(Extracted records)
# # # #
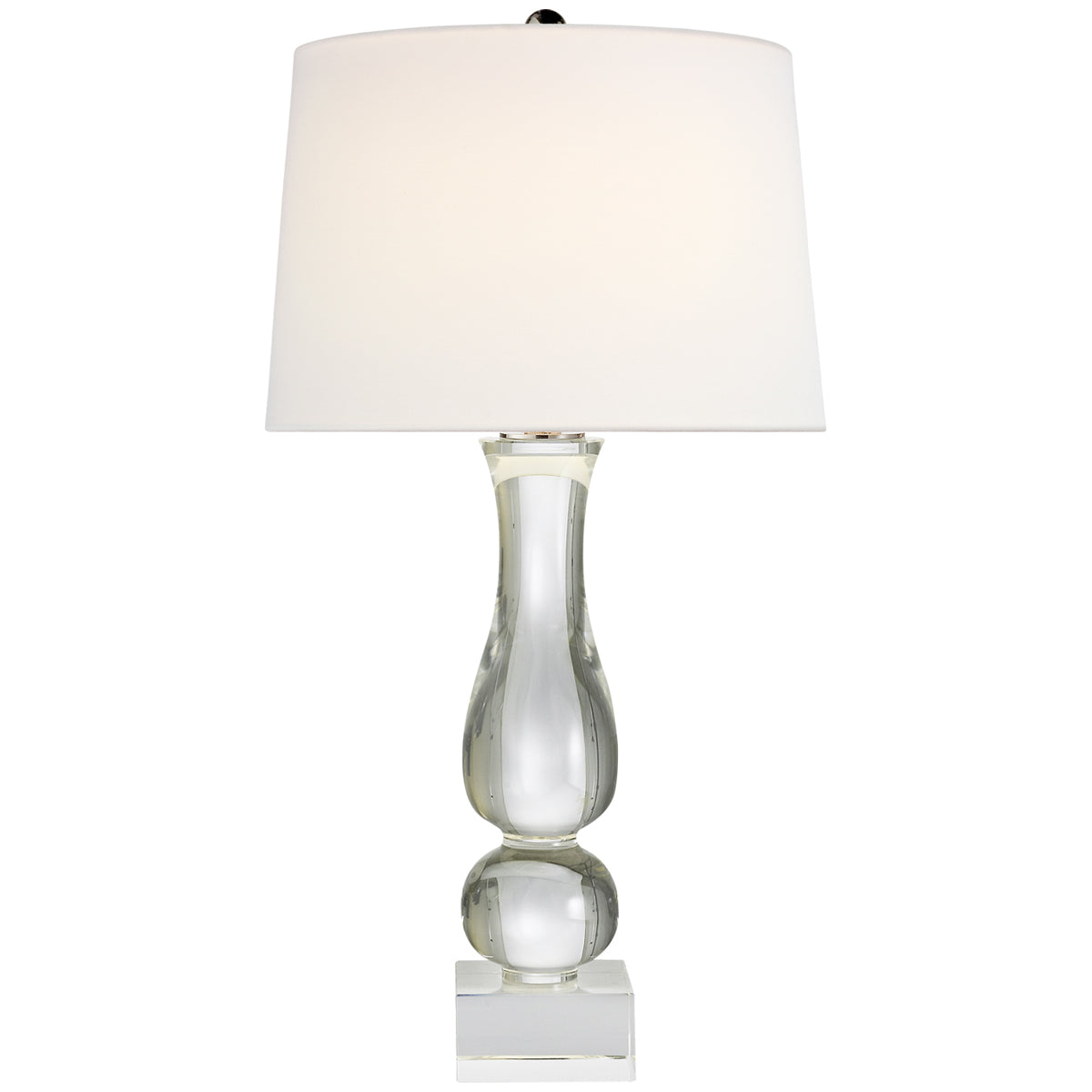 Visual Comfort Contemporary Balustrade Table Lamp in Crystal
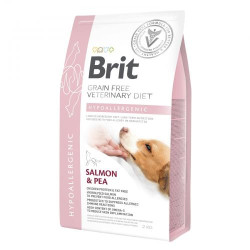 Сухой корм для собак, при пищевой аллергии Brit GF Veterinary Diet Hypoallergenic 2 кг (лосось)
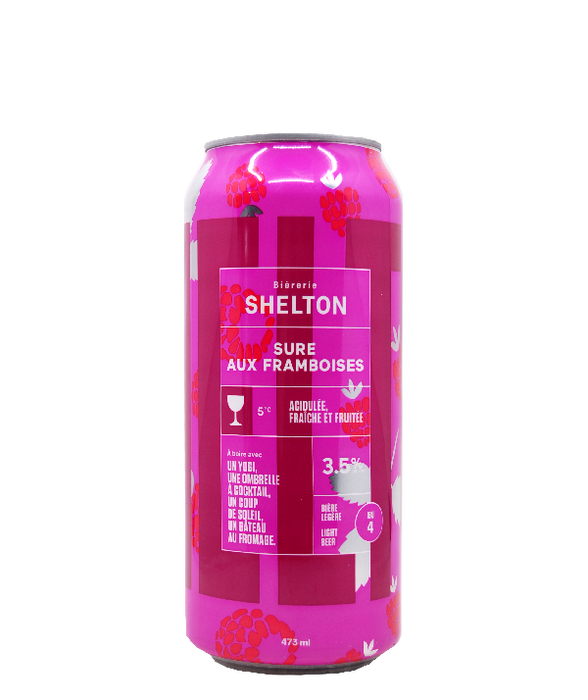 SHELTON, SURE AUX FRAMBOISES 5%, 473 ML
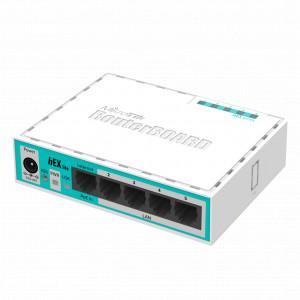 'Product Image: Mikrotik hEX lite RB750r2 | 5x Ethernet, Small plastic case MPLS RouterOS L4'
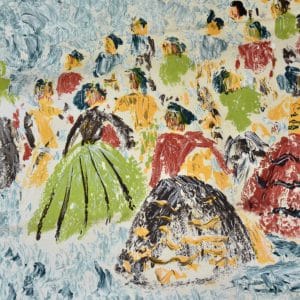 16 LaCroixaucoq antiquites Foulard Jacques Fath estimation achat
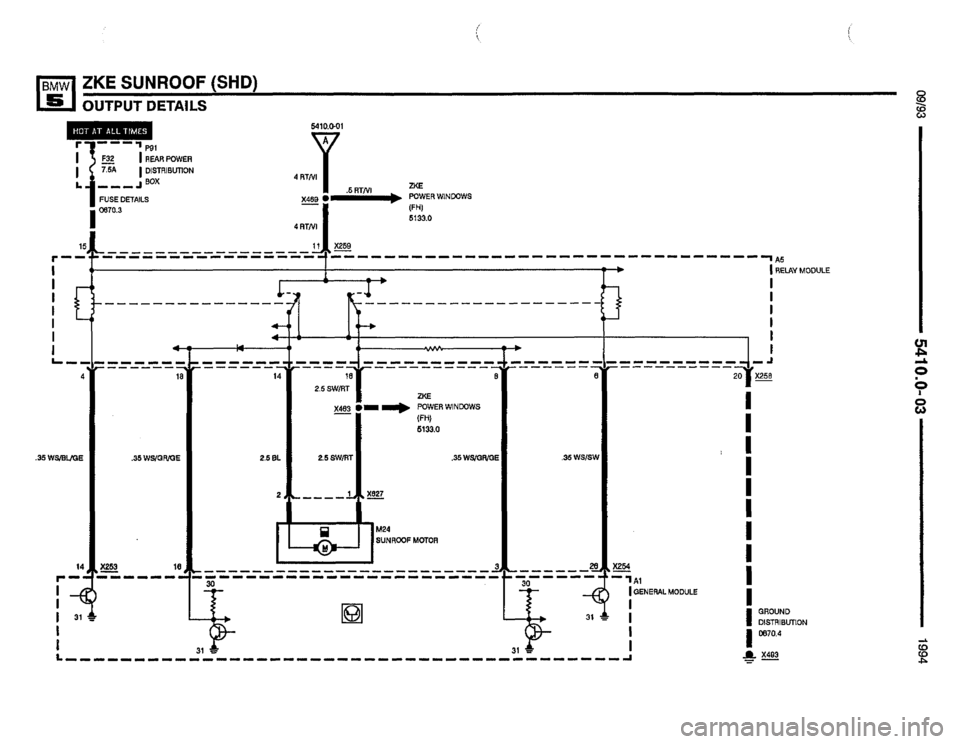 BMW 540i 1994 E34 Electrical Troubleshooting Manual BMW 540i 1994 E34 Electrical Troubleshooting Manual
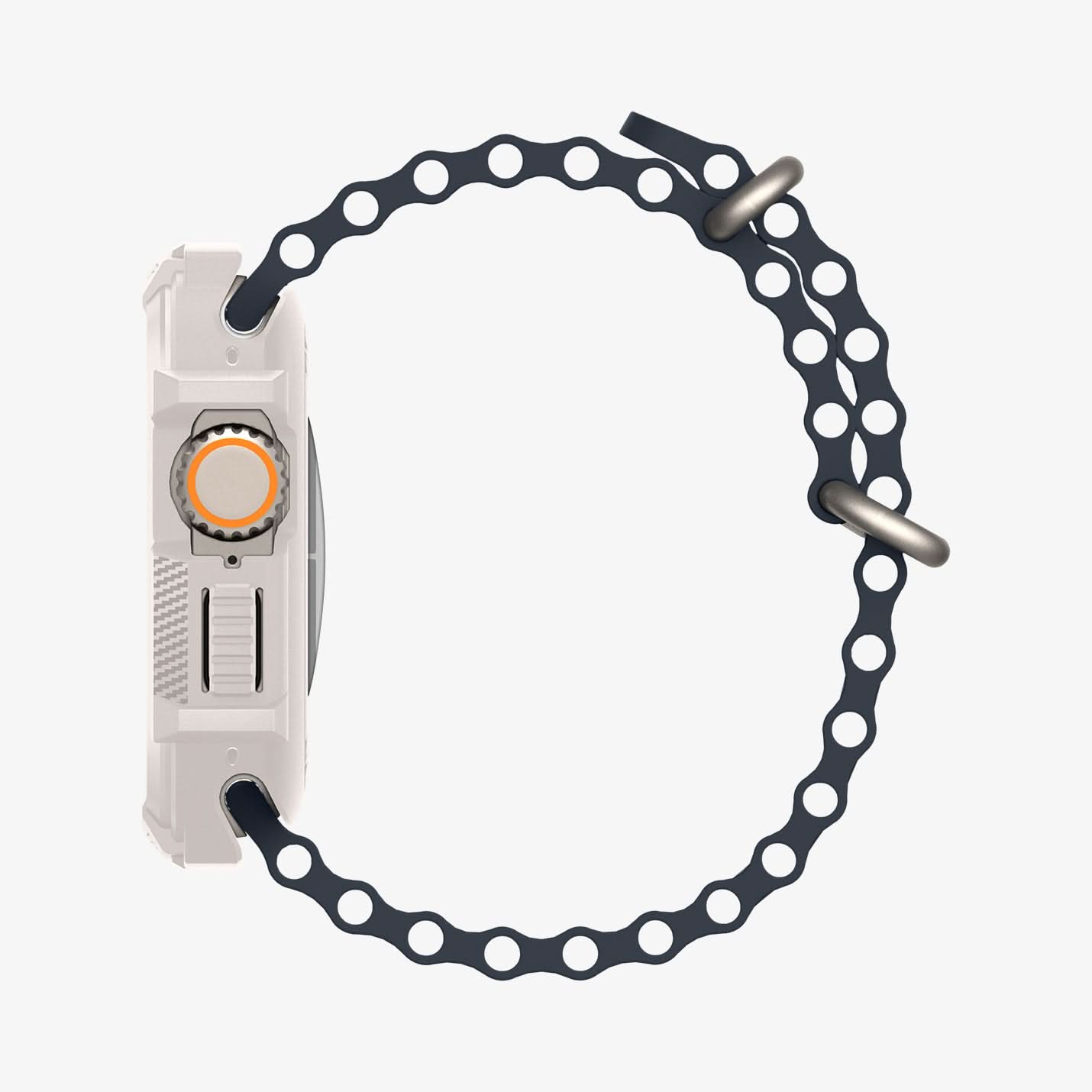 ACS07381 - Apple Watch (49mm) Rugged Armor in Dune Beige showing the side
# # # #
- **What to produce**
Could you set down the records above word for word, without any of the pictures?

- **Task result**
 Visual Comfort Contemporary Balustrade Table Lamp in Crystal
 Сухой корм для собак, при пищевой аллергии Brit GF Veterinary Diet Hypoallergenic 2 кг (лосось)
 SHELTON, SURE AUX FRAMBOISES 5%, 473 ML
 'Product Image: Mikrotik hEX lite RB750r2 | 5x Ethernet, Small plastic case MPLS RouterOS L4'
 16 LaCroixaucoq antiquites Foulard Jacques Fath estimation achat
 BMW 540i 1994 E34 Electrical Troubleshooting Manual BMW 540i 1994 E34 Electrical Troubleshooting Manual
 ACS07381 - Apple Watch (49mm) Rugged Armor in Dune Beige showing the side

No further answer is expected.